That is exactly what I am saying unless you are going to rely on convection of the air to cool it. Too many people learn that "heat rises" when the full statement is warm air rises. As far as *conduction* is concerned, orientation doesn't matter one bit. If you are relying on *convection*, then orientation does matter. The question comes down to how are you removing heat from the heat sink? If you have fans on it then, as Pete said, it doesn't really matter. The fans will easily overpower the convection "pressure." Don't forget that there may be a significant amount of air movement around the controller while driving anyway. This will seriously disrupt the convection currents and will either help or hinder cooling.

If Pete wanted to use convection instead of the fan he has on his controller then it would be better to rotate his controller 90° to gain the best cooling. Note, as he pointed out, the connection of the controller to the heat sink is more critical than orientation.

Here is his pic again:


gottdi said:


>


----------



## 9852 (Jan 17, 2010)

well ok then, im convinced, i will just make sure that the heat sink is mounted correctly and it will have a fan. thanks for everyones help, when its done i will post some pictures of the install.


----------



## jehan12413 (Feb 4, 2010)

It's called black body radiation and the theories relate to an abject absorbing and emitting radiation. Carbon is the best (within 3% of theoretical). An oversimplified explanation would be that as the temperature of an object increases so does the wavelength that it emits ( ie heated steel red then orange then white ). But at the temperatures we are discussing here all the radiation is in the far infrared range (heat) not visable. In the far infrared most paints appear black which is an excellent emitter and absorber. Silvery metals on the other hand reflect visable and infrared. What this means is that if the heatsink is painted it will radiate far more than bare metal. The paint will create a slight insulating coating but this is neglegeable compared to the considerable increase in radiation. Use a wood stove as an example , they are black for a reason. The sections of stovepipe which are silver radiate much less heat than the black ones. Flat black is used because it's a thinner coating than one of the thicker glossy paints. 
I would remove the paint on the back side of the heatsink because there you are concerned with conduction not radiation and I would very lightly paint or annodize the side with the fins.


----------



## dtbaker (Jan 5, 2008)

anodizing is hard to do at home.... matte black hi-temp spray paint on fin side would help a little.... or if it is raw aluminum (unsealed), it might darken considerably if you spray on something mildly acidic like tomato juice or lemon juice.


----------



## Tesseract (Sep 27, 2008)

dtbaker said:


> anodizing is hard to do at home....


Aw, hell, Dan... anodizing isn't that hard to do at home. It's actually one of those surface finish processes that is eminently DIYadble.

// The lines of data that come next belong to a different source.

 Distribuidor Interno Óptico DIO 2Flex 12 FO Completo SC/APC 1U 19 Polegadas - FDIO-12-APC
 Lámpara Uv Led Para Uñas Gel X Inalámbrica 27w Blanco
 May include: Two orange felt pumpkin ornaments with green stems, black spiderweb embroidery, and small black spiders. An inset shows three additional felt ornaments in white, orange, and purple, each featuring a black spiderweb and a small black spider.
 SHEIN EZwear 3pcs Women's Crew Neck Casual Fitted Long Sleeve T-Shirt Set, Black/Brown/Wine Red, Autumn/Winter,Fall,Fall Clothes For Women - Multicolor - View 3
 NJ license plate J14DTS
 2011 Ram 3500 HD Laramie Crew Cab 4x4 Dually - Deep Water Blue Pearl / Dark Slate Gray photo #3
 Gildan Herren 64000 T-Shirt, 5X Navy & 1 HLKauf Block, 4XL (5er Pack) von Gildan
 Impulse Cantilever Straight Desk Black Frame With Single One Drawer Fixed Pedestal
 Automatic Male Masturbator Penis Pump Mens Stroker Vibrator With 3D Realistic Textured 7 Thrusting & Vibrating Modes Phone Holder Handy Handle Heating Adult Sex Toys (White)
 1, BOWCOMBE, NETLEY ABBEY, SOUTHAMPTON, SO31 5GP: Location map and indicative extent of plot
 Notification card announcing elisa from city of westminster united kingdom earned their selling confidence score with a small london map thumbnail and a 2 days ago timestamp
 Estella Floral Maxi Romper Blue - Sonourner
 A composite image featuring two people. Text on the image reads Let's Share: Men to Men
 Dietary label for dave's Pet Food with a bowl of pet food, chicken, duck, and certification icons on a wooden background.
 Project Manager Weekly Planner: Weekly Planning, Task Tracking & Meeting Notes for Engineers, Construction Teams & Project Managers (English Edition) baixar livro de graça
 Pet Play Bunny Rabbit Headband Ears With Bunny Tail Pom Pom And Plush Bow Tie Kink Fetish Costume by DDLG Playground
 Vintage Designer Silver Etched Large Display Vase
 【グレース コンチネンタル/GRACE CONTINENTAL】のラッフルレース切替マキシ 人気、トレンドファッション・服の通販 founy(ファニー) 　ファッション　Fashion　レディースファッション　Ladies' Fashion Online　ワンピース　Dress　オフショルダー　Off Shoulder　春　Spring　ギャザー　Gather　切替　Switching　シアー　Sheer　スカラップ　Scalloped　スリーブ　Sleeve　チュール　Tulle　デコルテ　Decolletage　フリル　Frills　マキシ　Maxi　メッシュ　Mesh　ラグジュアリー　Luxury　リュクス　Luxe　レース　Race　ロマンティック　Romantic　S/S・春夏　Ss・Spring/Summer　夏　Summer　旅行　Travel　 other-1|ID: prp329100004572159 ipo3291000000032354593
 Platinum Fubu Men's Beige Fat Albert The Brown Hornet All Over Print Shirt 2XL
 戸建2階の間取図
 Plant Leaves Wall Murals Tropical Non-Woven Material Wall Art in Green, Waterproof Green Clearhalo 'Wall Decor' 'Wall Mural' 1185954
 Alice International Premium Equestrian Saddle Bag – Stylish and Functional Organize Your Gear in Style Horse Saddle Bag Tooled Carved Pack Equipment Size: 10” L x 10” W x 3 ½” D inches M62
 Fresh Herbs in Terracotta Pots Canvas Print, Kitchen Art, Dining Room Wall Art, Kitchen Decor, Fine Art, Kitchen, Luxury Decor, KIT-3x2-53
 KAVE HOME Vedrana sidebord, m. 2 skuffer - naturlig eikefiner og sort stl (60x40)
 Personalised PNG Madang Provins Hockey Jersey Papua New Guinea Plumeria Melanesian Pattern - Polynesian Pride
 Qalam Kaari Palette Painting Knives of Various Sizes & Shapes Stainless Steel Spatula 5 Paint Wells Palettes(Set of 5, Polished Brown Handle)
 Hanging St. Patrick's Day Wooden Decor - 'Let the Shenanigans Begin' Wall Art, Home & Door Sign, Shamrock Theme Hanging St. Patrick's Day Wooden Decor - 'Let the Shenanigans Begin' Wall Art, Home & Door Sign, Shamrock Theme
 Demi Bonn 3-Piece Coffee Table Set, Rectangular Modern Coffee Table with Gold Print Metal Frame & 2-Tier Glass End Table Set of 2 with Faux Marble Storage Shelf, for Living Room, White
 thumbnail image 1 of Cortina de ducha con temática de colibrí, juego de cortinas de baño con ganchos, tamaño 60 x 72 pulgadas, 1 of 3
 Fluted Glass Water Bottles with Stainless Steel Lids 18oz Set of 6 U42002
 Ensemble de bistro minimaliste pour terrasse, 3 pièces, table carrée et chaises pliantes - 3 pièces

The critical step - unsurprisingly - is to clean/degrease the aluminum first ("mag wheel cleaner" works very well) then *etch* it in a dilute caustic lye bath (10% NaOH). 

An especially good overview of the anodizing process is here: http://www.focuser.com/anodize.html

A useful calculator for determining the amount of current needed for a given area of aluminum vs. time in the anodizing tank is here: http://www.ndhsubmersiblescience.com/ano/720rule.html


----------



## dtbaker (Jan 5, 2008)

Tesseract said:


> Aw, hell, Dan... anodizing isn't that hard to do at home. ...o clean/degrease the aluminum first ("mag wheel cleaner" works very well) then *etch* it in a dilute caustic lye bath (10% NaOH).



yeah yeah yeah... caustic lye baths then power supplies in baths.... right up the alley of the average DIY.  


I would vote for paint or lemon juice for most!


d


----------